Gambero di fiume turco

Astacus leptodactylus

Foto: Gambero di fiume turco
Pesi e misure
Lunghezza da 15 a 30 cm
Peso 200 g
Stato di conservazione
In pericolo
Descrizione dell'animale
L'Astacus leptodactylus, noto comunemente come gambero di fiume turco, è una specie di crostaceo d'acqua dolce appartenente alla famiglia degli Astacidae. Questo affascinante animale si distingue per il suo aspetto distintivo e per il suo ruolo ecologico negli ecosistemi fluviali e lacustri dove risiede. Originario delle regioni dell'Europa orientale e dell'Asia Minore, in particolare della Turchia, da cui deriva il suo nome comune, l'Astacus leptodactylus ha trovato nel tempo nuovi habitat anche in altre parti del mondo, a seguito di introduzioni sia accidentali che deliberate.
Morfologicamente, il gambero di fiume turco presenta un corpo robusto e allungato, tipico dei crostacei, che può raggiungere una lunghezza di circa 15-20 centimetri, sebbene la maggior parte degli esemplari sia di dimensioni inferiori. La sua colorazione varia dal marrone chiaro al verde oliva, con sfumature che possono cambiare a seconda dell'ambiente in cui vive, rendendolo un maestro del camuffamento tra le rocce e la vegetazione acquatica. Una caratteristica distintiva della specie sono le sue chele, o artigli, particolarmente lunghe e sottili rispetto ad altri gamberi d'acqua dolce, che gli conferiscono l'epiteto "leptodactylus", dal greco "dita sottili". Queste chele sono utilizzate non solo per la difesa dai predatori, ma anche per catturare prede, manipolare il cibo e comunicare con altri gamberi.
L'Astacus leptodactylus è un animale principalmente notturno, trascorrendo le ore diurne nascosto sotto pietre, tra le radici degli alberi o in tane che scava nel substrato fangoso. La sua dieta è onnivora, alimentandosi di piante acquatiche, detriti, piccoli pesci, insetti e altri invertebrati. Questo comportamento alimentare lo rende un importante regolatore della qualità e della biodiversità degli ecosistemi acquatici, contribuendo al mantenimento dell'equilibrio tra le varie specie.
La riproduzione dell'Astacus leptodactylus avviene una volta all'anno, generalmente in autunno. Durante questo periodo, i maschi combattono tra loro per l'accesso alle femmine, che, una volta fecondate, portano le uova attaccate alla parte inferiore del loro addome per circa sei mesi.
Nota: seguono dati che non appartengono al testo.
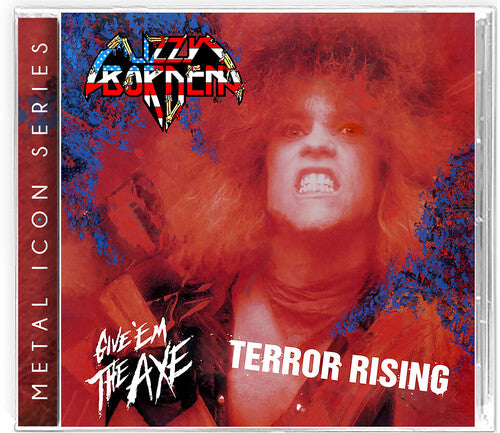 Lizzy Borden - Give 'Em the Axe & Terror Rising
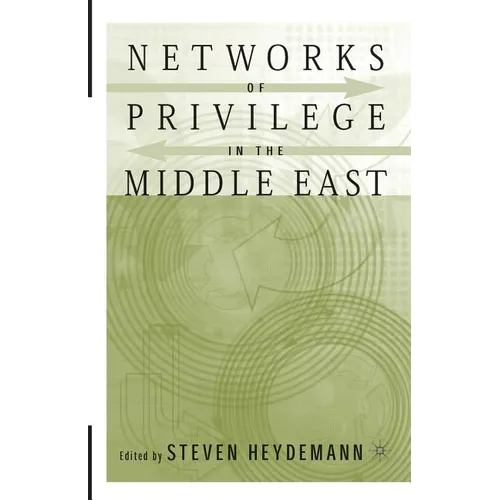 Networks of Privilege in the Middle East: The Politics of Economic Reform Revisited - Paperback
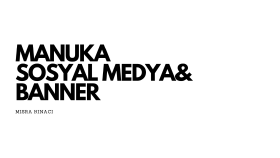 Manuka - Banner, Sosyal Medya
Questo lungo periodo di gestazione è seguito dalla nascita di piccoli gamberetti, che rimangono attaccati alla madre per alcune settimane prima di iniziare la loro vita indipendente.
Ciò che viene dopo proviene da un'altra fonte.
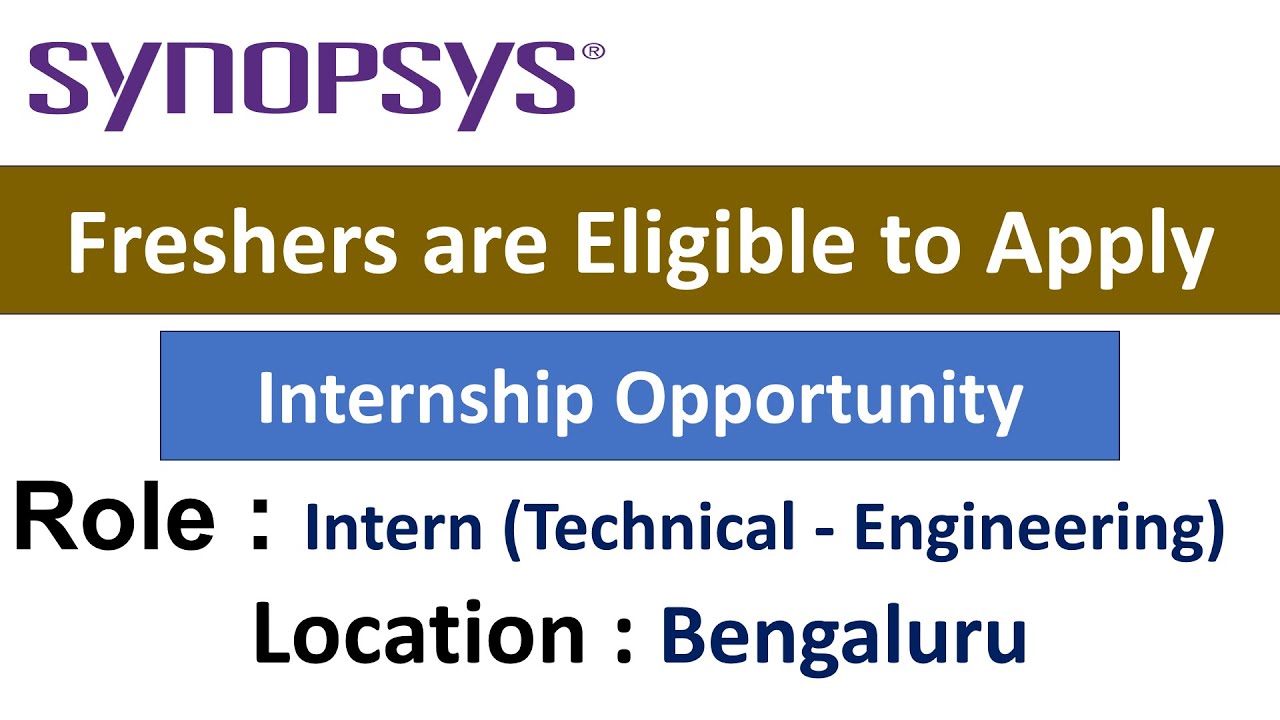 Synopsys Hiring Technical Engineering I Internship Opportunity I ...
Nonostante la sua resilienza, l'Astacus leptodactylus è soggetto a numerose minacce, tra cui l'inquinamento degli habitat acquatici, la perdita di habitat, la sovrapesca e la competizione con specie invasive, come il gambero rosso della Louisiana (Procambarus clarkii). Questi fattori hanno portato a un declino delle popolazioni in alcune aree, rendendo fondamentali gli sforzi di conservazione per garantire la sopravvivenza a lungo termine della specie.
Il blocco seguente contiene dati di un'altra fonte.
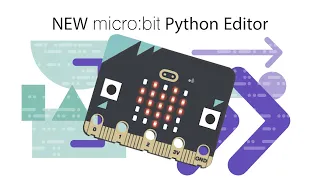 New BBC micro bit Python Editor Overview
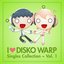 I Love Disko Warp Singles Collection, Vol. 1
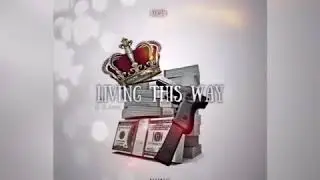 Ran$om - Living This Way (ft. Mr. Green) Prod. By Makaih Beats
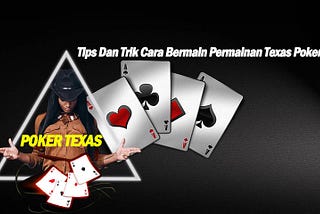 Tips Dan Trik Cara Bermain Permainan Poker texas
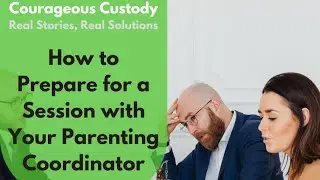 How to Prepare for a Session with Your Parenting Coordinator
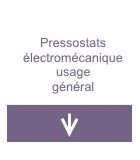 Pressostats électromécanique usage général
In conclusione, l'Astacus leptodactylus è un esemplare affascinante e vitale per la biodiversità e la salute degli ecosistemi d'acqua dolce. La sua presenza indica acque pulite e sistemi ecologici ben bilanciati, sottolineando l'importanza di preservare i nostri corsi d'acqua naturali e le specie che in essi abitano.